Tell ye the King: the carven hall is fallen in decay;
Apollo hath no chapel left, no prophesying bay,
No talking spring. the stream is dry and had so much to say

Delphi is about one and half hours away from Galaxidi.  It was thought to be the centre of the world, the site of the omphalos, the ‘navel of the world’. According to the legend, when Apollo slew the monstrous dragon-serpent Python, his body fell into a fissure at the centre of Delphi. The Oracle of Delphi – the priestess Pythia – sat over the fissure and the fumes that arose from the decomposing body of the Python brought her into a trance-like state. Recently, the scientists have learned that the fumes were actually ethylene, a gas with hallucinogenic effects, coming from a chasm in the intersection of two major fault lines. The temple of Delphi lies exactly on the intersection of these two fault lines and the nearby rift of the Gulf of Corinth, one of the most geologically active sites on Earth.

The pantheon of gods and goddesses had a powerful presence in the lives of people.  The Greeks honoured and feared them. The magnificent temples represented their desire to pleased them. Delphi was the chosen place of Apollo.

The archaeological site is situated in a magnificent natural setting between two rocks in the Mt. Parnassus. The view from the theatre down the mountainside is truly spectacular.

Mt Kallidromo – Molos – Lichadonisia

From Mt Panassus in Phokis we drove to Mt Kallidromo in southeastern Phthiotis. Kallidromo is beautiful and interesting mountain with particular aesthetic values and ecologically sensitive areas. We crossed the narrow mountain pass of Kallidromo, between the villages of Modi and Reggini and we found ourselves on the other side of the mountain, at the Maliakos Bay.

We spend a couple of days in Molos (disclosure: I was born there), a village between the mountain of Kallidromo and Maliakos bay, exploring the surrounding small villages, the beaches, and the thermal springs of Thermopylae, known for the treatment of rheumatic conditions.

If you ever find yourselves in the area do not neglect to visit the Folklore Museum of Molos, housed in the old elementary school (also my school when I was young). It is a small treasure with material that has been gathered with the constant effort of the Cultural & Folklore Society and the kind contribution of the citizens and families of the village and of the wider region.

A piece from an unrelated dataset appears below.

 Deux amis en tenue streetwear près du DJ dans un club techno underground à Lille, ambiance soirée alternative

Our last destination, before we return to Athens, took us to Lichadonisia, a cluster of seven volcanic islets in Maliakos bay. Lichadonisia, according to the legend, took their name from Lichas, the friend and servant of Hercules.

Deianeira, the wife of Hercules, was very jealous of him. One day while she was walking alone across the river, the centaur Nessos, attacked her sexually. When she shouted for protection, Hercules shot a poisoning arrow into the Centaur’s chest from across the river. While he was dying, he told Deianeira that a robe anointed in his blood would work as a love portion for her husband. Deianeira believed him and saved some of his blood.

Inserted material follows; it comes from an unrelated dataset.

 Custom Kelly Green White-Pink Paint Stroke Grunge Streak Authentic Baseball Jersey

One day that Hercules was preparing for a trip to Cape Cenaeum, the northern cape of Euboea, Deianeira  gave him as a gift a tunic poisoned with Nessus’ blood. When Hercules wore it, it stuck on him and caused to him pain so horrible that went mad and in his anger he killed Lichas. Lichas body pieces fell around and Neptune transformed them on islets.

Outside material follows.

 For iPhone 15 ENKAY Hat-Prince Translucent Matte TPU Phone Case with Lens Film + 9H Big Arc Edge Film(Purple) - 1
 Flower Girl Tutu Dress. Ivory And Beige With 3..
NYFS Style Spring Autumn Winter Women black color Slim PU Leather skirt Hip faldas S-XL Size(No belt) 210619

It is a wonderful story, but in reality Lichadonisia emerged after a big earthquake thousands of years ago. The main feature of the islets is the black rock that encloses the small sandy bays with the crystal clear waters. Nowadays, Lichadonisia are uninhabited, nevertheless until the 1970s three families lived in one of the two biggest islets, Manolia. The second biggest isle is called Strongyli. Remains of ancient settlements also found in couple of the isles. There are no hotels or other facilities in Lichadonisia; the visitors can spend the night in Kamena Vourla or in the fishing village Agios Georgios, in Euboea.